What to do
Using the data below, return word for word every line from the one holding "Lycéenne studieuse organisant" down to the one holding "Hitachi Japan 375L". Leave pictures out.

Data supplied
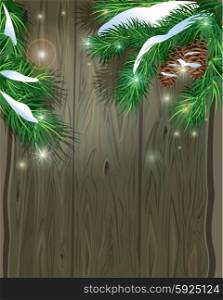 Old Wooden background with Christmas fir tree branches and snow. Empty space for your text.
* * *
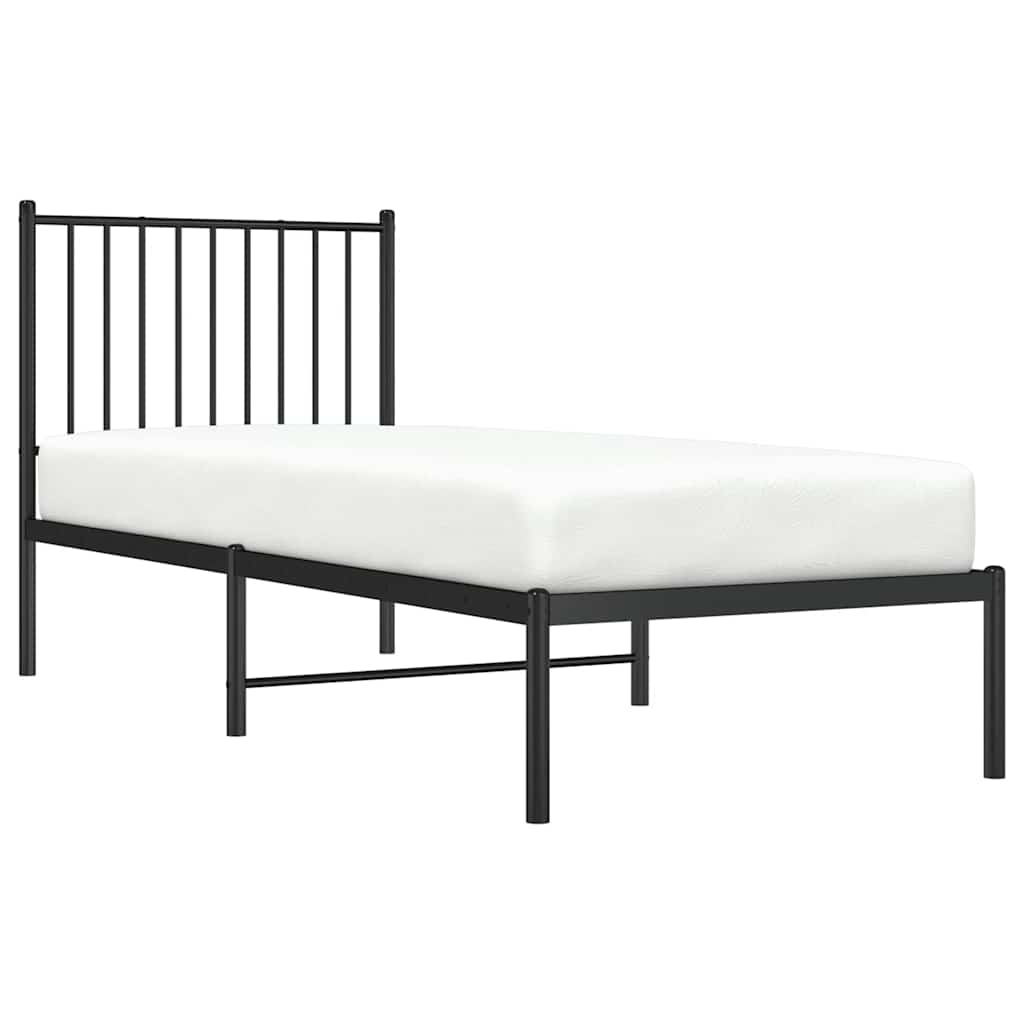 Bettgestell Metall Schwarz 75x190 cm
==
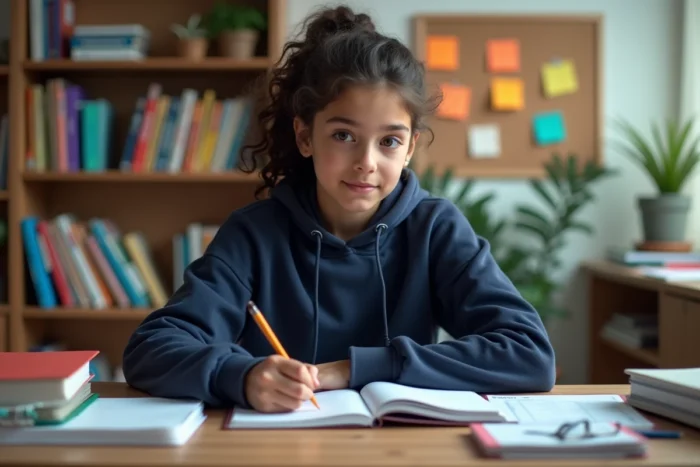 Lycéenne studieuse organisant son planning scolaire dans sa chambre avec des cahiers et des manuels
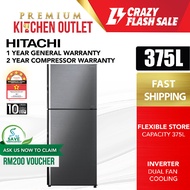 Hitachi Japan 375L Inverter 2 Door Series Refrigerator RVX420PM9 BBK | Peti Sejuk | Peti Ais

Answer
 Lycéenne studieuse organisant son planning scolaire dans sa chambre avec des cahiers et des manuels
 Hitachi Japan 375L Inverter 2 Door Series Refrigerator RVX420PM9 BBK | Peti Sejuk | Peti Ais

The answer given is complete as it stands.